Please begin with the line containing "Škoda Fabia VAT-1" and reproduce each line exactly until the records below end, without any pictures.

#### DATA LISTING ####

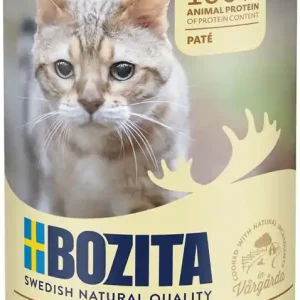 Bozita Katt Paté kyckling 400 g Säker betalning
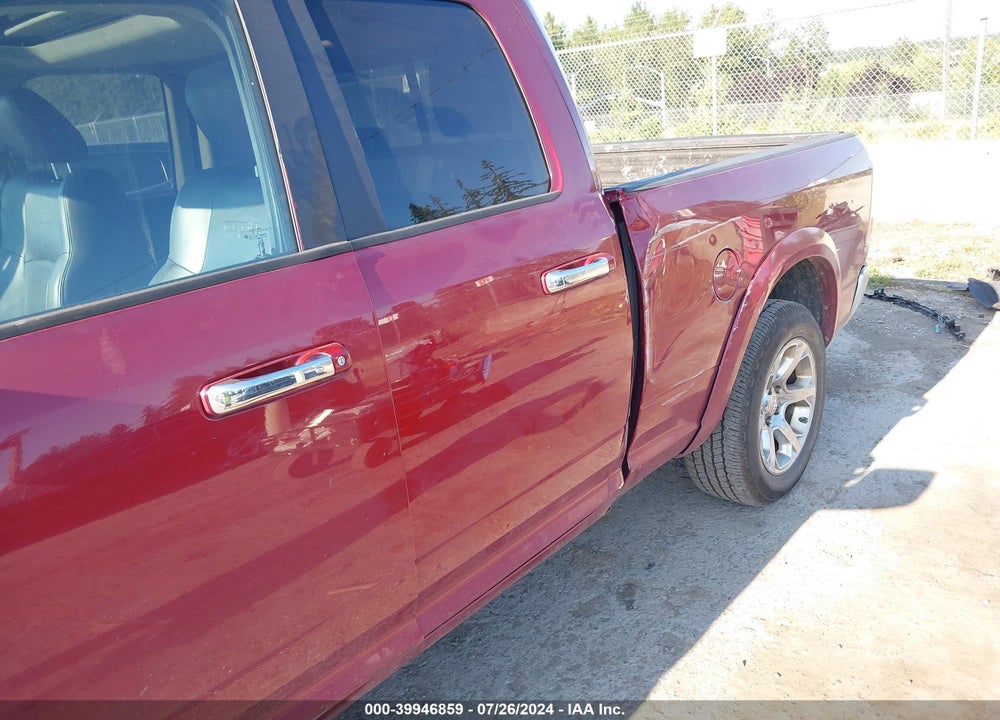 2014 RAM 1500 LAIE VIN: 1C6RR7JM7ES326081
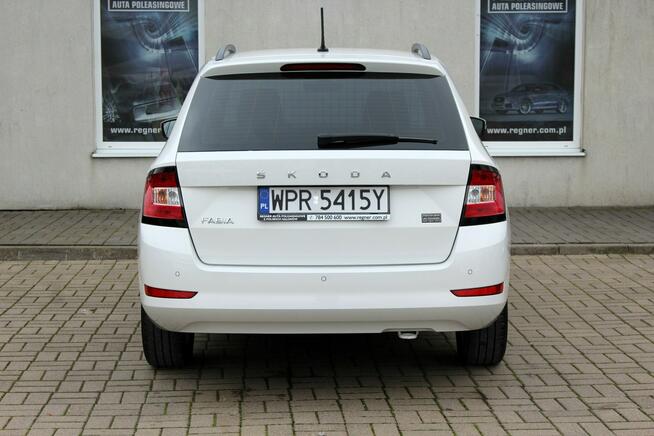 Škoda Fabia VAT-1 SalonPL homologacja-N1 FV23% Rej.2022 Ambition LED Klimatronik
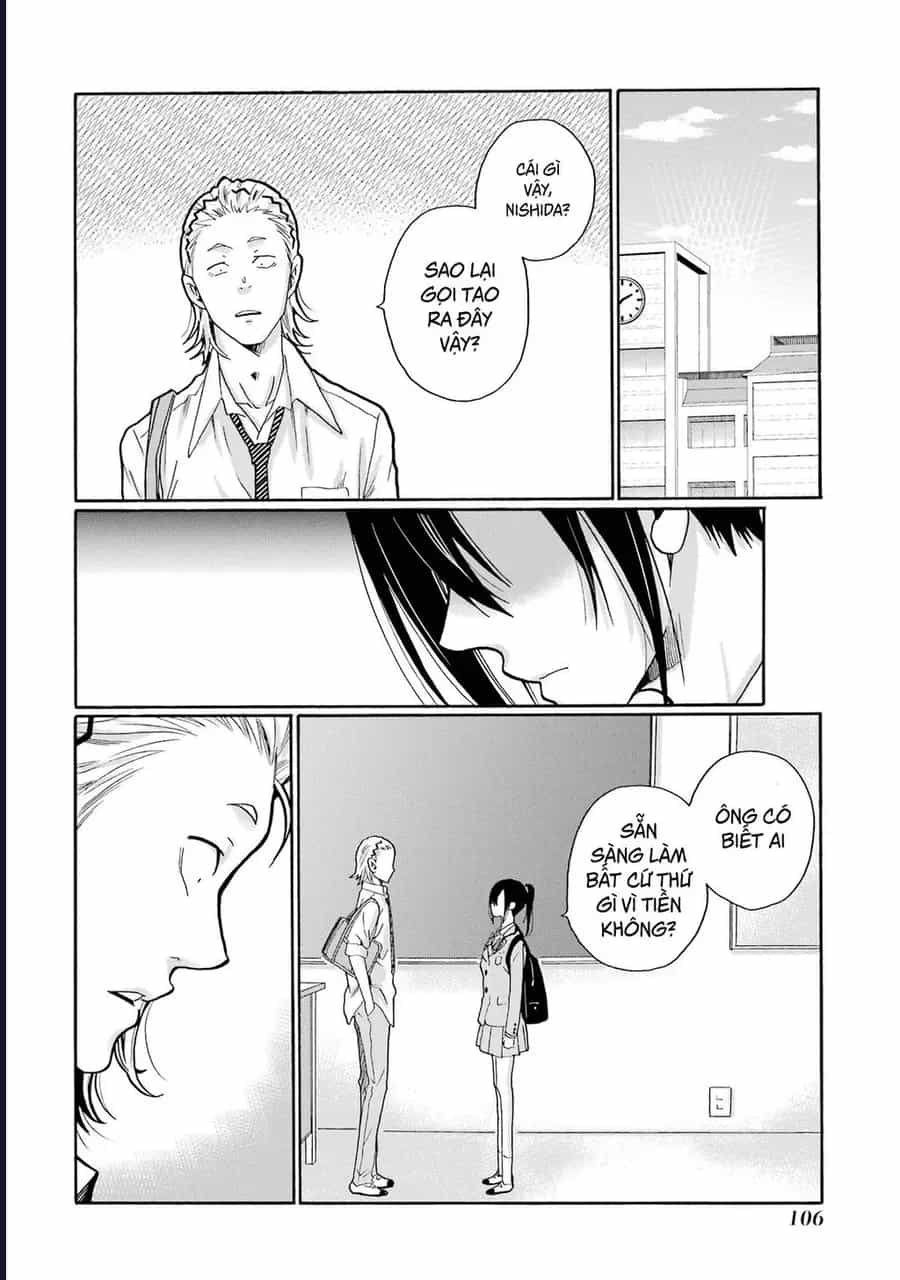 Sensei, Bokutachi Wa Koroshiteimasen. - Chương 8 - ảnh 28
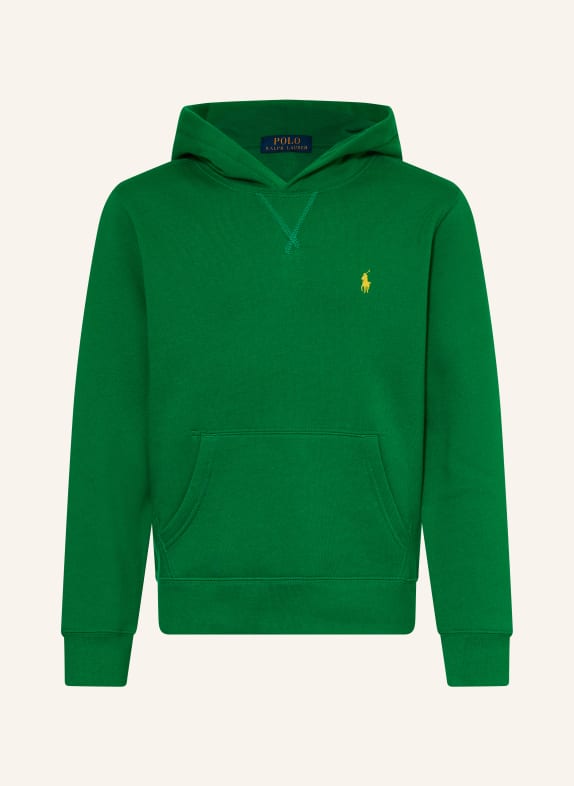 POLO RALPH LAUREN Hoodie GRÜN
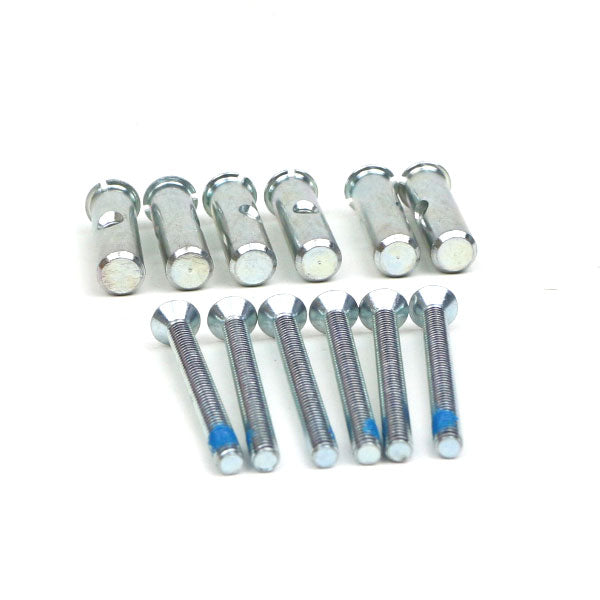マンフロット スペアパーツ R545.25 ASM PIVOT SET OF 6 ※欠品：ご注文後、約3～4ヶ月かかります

####

ANSWER SECTION ▸
 Škoda Fabia VAT-1 SalonPL homologacja-N1 FV23% Rej.2022 Ambition LED Klimatronik
 Sensei, Bokutachi Wa Koroshiteimasen. - Chương 8 - ảnh 28
 POLO RALPH LAUREN Hoodie GRÜN
マンフロット スペアパーツ R545.25 ASM PIVOT SET OF 6 ※欠品：ご注文後、約3～4ヶ月かかります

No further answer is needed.